On September 16, 2023, a 1,200-meter-high mountain peak collapsed into the remote Dickson Fjord after the melting glacier beneath it could no longer hold the rock face up. This triggered a 200-meter-high wave, and the subsequent sloshing of water in the winding fjord sent seismic waves through the planet for over a week.

The landslide and mega-tsunami were the first to be recorded in East Greenland. The Arctic regions are affected by the fastest global warming, and similar, albeit seismically smaller, events have been observed in West Greenland, Alaska, Canada, Norway and Chile.

Dr Kristian Svennevig of the Geological Survey of Denmark and Greenland, the lead author of the report, said: “When we embarked on this scientific adventure, everyone was confused and no one had the slightest idea what had caused this signal. It was much longer and simpler than earthquake signals, which usually last for minutes or hours, and was called a USO – an unidentified seismic object.

“It was also an extraordinary event because it was the first huge landslide and tsunami we have ever recorded in East Greenland. It clearly shows that East Greenland is on the rise when it comes to landslides. The waves destroyed an uninhabited Inuit site at sea level that was at least 200 years old, suggesting that something like this has not happened for at least two centuries.

Numerous huts were destroyed at a research station on the island of Ella, 70 kilometers from the landslide. The site was founded two centuries ago by fur trappers and researchers and is used by scientists and the Danish military, but was empty at the time of the tsunami.

The fjord is also on a route frequently used by cruise ships. Last September, a ship carrying 200 people became stranded in the mud of the Alpefjord, near the Dicksonfjord. It was freed just two days before the tsunami, avoiding waves estimated to be four to six metres high.

“It was pure luck that nothing happened to anyone here,” says Svennevig. “Scientifically, we are in uncharted territory because we don't really know what a tsunami does to a cruise ship.”

Dr Stephen Hicks of University College London, one of the leaders of the research team, said: “When I first saw the seismic signal, I was completely astonished. Never before has such a long-lasting, globally propagating seismic wave been recorded, containing only a single vibration frequency.”

The signal looked very different from the multi-frequency rumbles and beeps of earthquakes. It took 68 scientists from 40 institutions in 15 countries to solve the mystery. They combined seismic data, on-site measurements, ground and satellite images, and high-resolution computer simulations of tsunami waves.

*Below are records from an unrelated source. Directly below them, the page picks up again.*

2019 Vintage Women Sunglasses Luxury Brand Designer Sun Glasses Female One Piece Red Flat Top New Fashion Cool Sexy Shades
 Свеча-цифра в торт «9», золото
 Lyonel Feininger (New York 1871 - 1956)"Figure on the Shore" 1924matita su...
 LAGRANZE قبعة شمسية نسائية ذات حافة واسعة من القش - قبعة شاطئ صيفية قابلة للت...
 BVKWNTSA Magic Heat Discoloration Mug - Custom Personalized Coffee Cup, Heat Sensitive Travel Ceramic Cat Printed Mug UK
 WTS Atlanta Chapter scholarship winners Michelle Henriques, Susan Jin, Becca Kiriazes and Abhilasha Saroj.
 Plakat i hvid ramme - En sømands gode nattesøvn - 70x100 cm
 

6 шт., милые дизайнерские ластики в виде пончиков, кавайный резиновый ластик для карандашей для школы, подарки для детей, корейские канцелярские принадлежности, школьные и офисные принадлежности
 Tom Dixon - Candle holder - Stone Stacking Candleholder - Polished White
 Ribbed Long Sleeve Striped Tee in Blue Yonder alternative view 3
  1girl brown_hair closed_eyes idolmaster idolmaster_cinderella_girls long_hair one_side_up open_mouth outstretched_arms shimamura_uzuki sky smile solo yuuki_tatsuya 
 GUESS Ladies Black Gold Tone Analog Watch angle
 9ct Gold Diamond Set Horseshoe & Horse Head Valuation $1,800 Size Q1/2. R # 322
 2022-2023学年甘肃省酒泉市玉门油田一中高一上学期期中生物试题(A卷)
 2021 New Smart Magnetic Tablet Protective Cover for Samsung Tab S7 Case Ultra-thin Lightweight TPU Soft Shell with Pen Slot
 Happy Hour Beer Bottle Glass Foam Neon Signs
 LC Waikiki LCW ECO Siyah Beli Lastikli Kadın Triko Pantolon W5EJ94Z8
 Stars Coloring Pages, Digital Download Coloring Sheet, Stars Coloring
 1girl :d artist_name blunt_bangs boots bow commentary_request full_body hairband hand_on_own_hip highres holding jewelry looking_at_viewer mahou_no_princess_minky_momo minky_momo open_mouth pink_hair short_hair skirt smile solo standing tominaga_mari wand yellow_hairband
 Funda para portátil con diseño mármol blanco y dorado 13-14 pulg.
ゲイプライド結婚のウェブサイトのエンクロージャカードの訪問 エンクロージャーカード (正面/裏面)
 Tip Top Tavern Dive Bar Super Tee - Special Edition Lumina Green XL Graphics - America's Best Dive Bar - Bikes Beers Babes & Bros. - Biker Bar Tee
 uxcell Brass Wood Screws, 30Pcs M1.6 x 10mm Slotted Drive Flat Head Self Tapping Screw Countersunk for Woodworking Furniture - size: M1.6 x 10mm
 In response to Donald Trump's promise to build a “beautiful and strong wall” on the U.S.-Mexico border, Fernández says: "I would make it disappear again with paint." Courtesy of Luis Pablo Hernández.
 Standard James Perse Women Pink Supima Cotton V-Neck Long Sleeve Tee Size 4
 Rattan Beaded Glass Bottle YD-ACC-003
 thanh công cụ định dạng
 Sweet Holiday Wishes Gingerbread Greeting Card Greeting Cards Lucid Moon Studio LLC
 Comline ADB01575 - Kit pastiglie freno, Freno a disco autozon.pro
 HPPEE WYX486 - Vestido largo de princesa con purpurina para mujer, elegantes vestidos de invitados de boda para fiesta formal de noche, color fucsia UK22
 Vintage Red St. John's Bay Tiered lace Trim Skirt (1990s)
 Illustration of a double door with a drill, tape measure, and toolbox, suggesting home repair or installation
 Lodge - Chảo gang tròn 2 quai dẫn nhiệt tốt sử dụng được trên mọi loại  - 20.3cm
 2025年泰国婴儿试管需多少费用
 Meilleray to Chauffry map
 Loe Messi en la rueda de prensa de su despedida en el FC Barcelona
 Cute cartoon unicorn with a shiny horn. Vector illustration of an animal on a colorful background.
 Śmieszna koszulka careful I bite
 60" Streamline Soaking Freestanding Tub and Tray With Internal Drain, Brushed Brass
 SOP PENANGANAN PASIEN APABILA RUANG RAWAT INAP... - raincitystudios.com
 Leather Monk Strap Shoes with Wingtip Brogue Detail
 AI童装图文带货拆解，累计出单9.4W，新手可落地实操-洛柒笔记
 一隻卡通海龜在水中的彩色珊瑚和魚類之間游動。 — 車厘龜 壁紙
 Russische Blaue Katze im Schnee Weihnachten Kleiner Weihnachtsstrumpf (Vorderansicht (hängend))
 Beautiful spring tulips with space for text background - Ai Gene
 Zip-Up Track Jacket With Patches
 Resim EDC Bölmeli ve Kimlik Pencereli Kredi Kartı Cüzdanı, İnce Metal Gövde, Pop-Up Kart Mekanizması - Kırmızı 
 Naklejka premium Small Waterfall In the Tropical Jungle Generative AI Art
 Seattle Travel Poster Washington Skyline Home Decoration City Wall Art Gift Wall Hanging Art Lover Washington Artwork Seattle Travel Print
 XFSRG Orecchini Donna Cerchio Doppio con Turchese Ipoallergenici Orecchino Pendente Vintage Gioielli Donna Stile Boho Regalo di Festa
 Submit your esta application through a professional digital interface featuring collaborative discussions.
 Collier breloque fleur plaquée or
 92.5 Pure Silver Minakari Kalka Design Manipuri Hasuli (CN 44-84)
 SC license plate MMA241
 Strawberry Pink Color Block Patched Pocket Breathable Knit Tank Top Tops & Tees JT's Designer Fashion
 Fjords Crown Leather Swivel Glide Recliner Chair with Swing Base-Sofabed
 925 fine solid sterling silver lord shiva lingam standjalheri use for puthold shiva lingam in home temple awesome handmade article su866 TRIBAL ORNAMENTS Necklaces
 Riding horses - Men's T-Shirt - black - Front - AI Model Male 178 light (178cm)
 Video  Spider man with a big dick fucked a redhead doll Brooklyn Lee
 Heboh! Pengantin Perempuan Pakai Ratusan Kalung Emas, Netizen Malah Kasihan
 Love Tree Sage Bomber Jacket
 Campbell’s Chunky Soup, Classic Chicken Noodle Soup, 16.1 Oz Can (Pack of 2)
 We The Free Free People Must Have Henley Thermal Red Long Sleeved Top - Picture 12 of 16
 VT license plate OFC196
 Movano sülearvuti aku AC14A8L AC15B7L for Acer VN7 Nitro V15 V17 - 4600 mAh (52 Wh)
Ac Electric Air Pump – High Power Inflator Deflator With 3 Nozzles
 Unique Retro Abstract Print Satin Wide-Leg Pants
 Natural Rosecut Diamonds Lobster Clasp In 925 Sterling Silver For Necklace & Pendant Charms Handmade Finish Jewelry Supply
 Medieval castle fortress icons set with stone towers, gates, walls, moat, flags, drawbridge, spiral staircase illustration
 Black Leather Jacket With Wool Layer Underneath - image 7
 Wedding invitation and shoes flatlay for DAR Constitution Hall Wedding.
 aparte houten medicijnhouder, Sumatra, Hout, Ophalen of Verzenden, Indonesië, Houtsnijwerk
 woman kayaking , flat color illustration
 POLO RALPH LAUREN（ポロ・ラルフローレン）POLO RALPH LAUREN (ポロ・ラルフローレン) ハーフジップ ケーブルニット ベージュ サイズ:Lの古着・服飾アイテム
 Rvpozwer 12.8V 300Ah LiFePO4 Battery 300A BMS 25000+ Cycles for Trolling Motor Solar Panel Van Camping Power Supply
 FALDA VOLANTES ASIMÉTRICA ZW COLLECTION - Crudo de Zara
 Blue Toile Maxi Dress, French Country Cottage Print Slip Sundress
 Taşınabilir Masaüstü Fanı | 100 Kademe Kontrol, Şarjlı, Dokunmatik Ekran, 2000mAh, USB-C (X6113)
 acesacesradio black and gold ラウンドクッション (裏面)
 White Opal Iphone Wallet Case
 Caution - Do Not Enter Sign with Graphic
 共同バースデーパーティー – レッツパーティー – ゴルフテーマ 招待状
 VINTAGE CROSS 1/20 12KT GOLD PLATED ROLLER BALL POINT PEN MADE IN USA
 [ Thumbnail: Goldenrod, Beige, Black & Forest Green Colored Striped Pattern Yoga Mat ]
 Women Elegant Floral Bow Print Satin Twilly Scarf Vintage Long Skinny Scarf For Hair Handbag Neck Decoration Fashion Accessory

The analysis, published in the journal Science, concludes that 25 million cubic meters of rock and ice fell into the fjord and were transported at least 2,200 meters. The direction of the landslide, which is at a 90-degree angle to the length of the fjord, the steep, parallel walls of the bay and a 90-degree bend 10 kilometers further on, contributed to much of the landslide's energy remaining in the fjord and reverberating for so long.

According to the researchers' calculations, the tsunami wave shrank to seven meters within a few minutes and sank to a few centimeters in the days that followed, when the Danish military visited and photographed the fjord. But this sloshing of a huge mass of water continued to send seismic waves around the world.

By chance, scientists had set up sensors to measure the water depth in the fjord two weeks before the landslide. “That was also pure luck,” Svennevig said. “They sailed under this glacier and mountain that they didn't know was about to collapse.”

An important part of determining the cause of the seismic event was modeling the tsunami and comparing it with measurements. “Our model predicted an oscillation with exactly the same period – 90 seconds – which is an astonishing result, as was the height of the tsunami, and the waves decayed in exactly the same way as seismic signals. That was the eureka moment.”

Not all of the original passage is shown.